Abstract
Latent basis curve models (LBCMs) have been popular in modeling change when the change trajectories are unknown or nonlinear. The estimated change trajectories from LBCMs are often viewed as optimal and used as reference points against which other change trajectories are tested. However, there is a proportionality assumption underlying LBCMs that has received little attention from researchers. This study uses a Monte Carlo simulation to show that violation of this assumption can potentially result in substantially biased estimates of the means and variances of changes and covariate effects on these changes, leading to incorrect statistical inference. The implications of the simulation study are discussed and alternatives to LBCMs are suggested for use when the proportionality assumption is likely to be violated.
Notes
1 In the original study, the covariance between the intercept and the linear slope was –3.69, the covariance between the intercept and the quadratic slope was –1.36, and the covariance between the linear and quadratic slopes was –4.96. We found the covariance between the linear and quadratic slopes caused convergence problems for the LBCM (251 out of 1,000 replications failed to converge). Fixing this covariance to 0 or changing it from negative to positive (i.e., 4.96) solved the convergence problem. This implies that the LBCM might be poorly suited to capturing certain covariance patterns, particularly when the proportionality assumption is violated. Future work is needed to further investigate this issue.
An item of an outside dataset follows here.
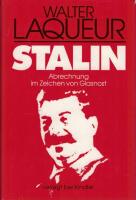 Stalin: Abrechnung im Zeichen von Glasnost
Excluding the covariances between growth parameters did not affect the major results of our study, so we chose to fix these covariances to 0 in the interests of parsimony.
2 The mean intercept, mean linear slope, and mean quadratic slope were 2, –1, and 0.2, respectively, with variances of 1, 0.01, and 0.01, respectively. The residual variances were constrained to be equal to 1 across time. The growth parameters were not correlated.